[Supplied entries]
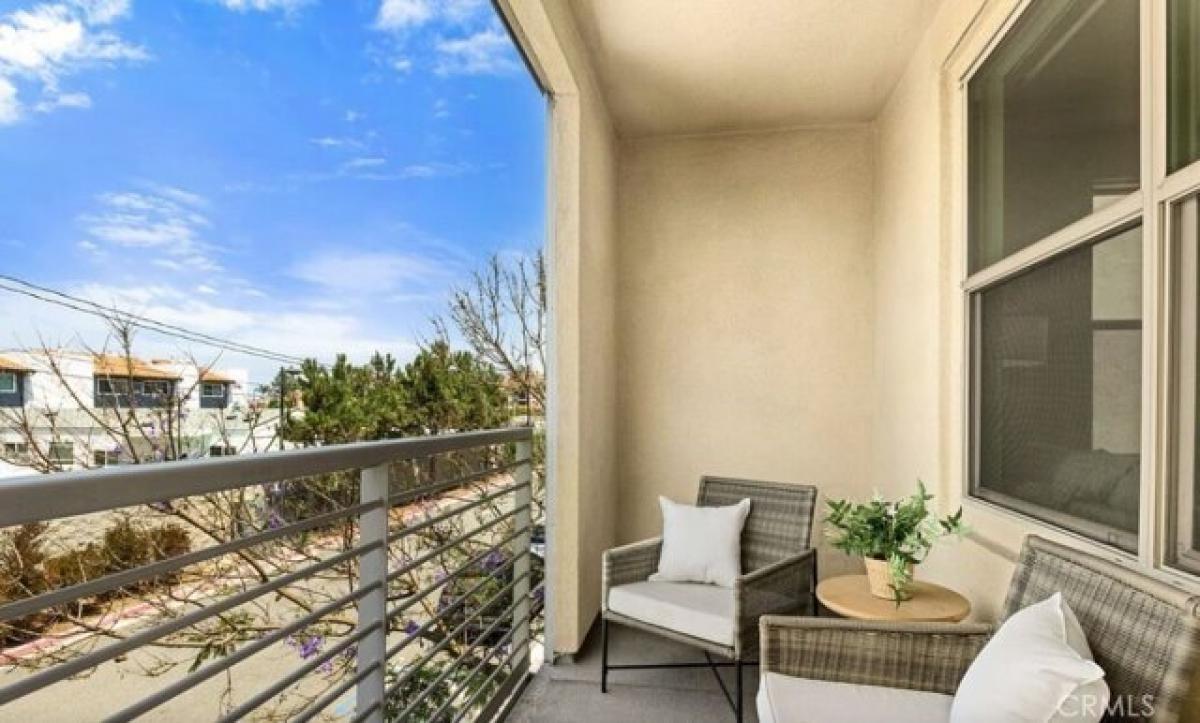 2 chambres Maison à Carson, USA No. 437910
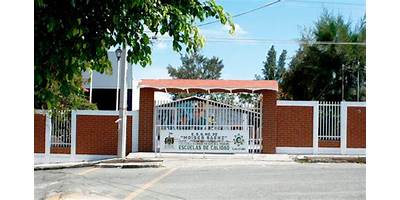 1 DE MAYO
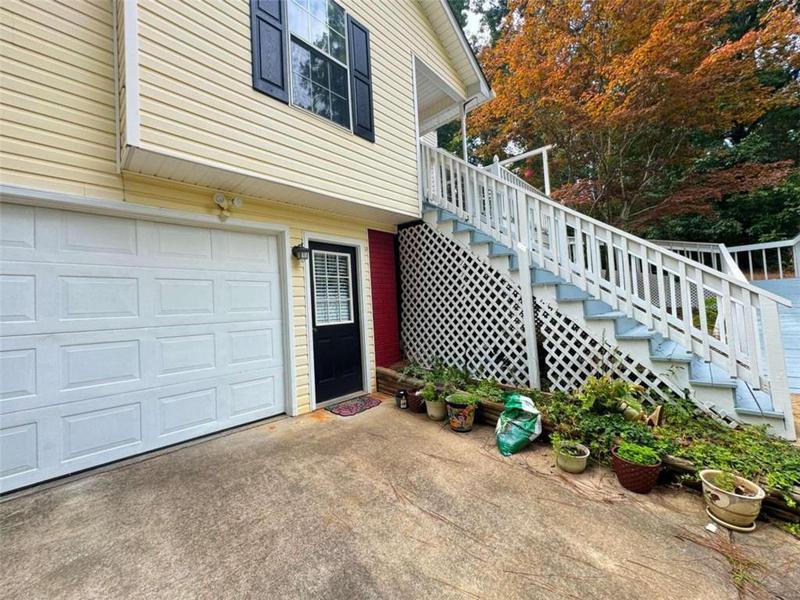 Image for property 7267 Wildflower Walk, Winston, GA 30187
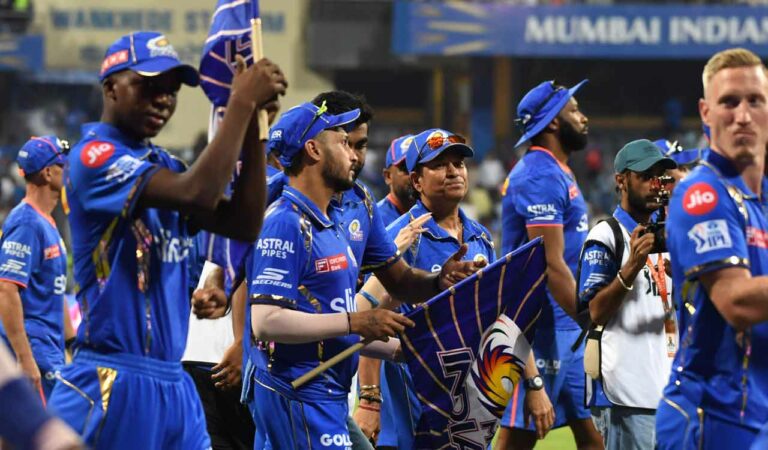 ipl 2024 mi v rcb on april 11 when and where to watch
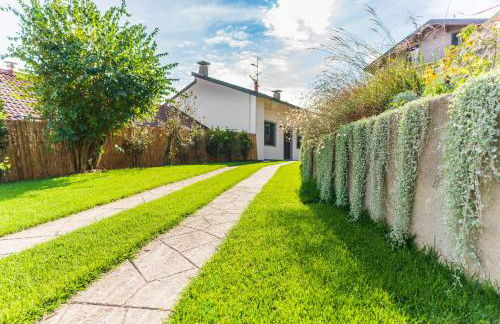 Dimensione Armonica - Elegance and comfort among lakes and hills - Foto 1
[/Supplied entries]
Your instructions: Restate the whole of the material word for word without the pictures.

Reply to the exercise:
 2 chambres Maison à Carson, USA No. 437910
 1 DE MAYO
 Image for property 7267 Wildflower Walk, Winston, GA 30187
 ipl 2024 mi v rcb on april 11 when and where to watch
 Dimensione Armonica - Elegance and comfort among lakes and hills - Foto 1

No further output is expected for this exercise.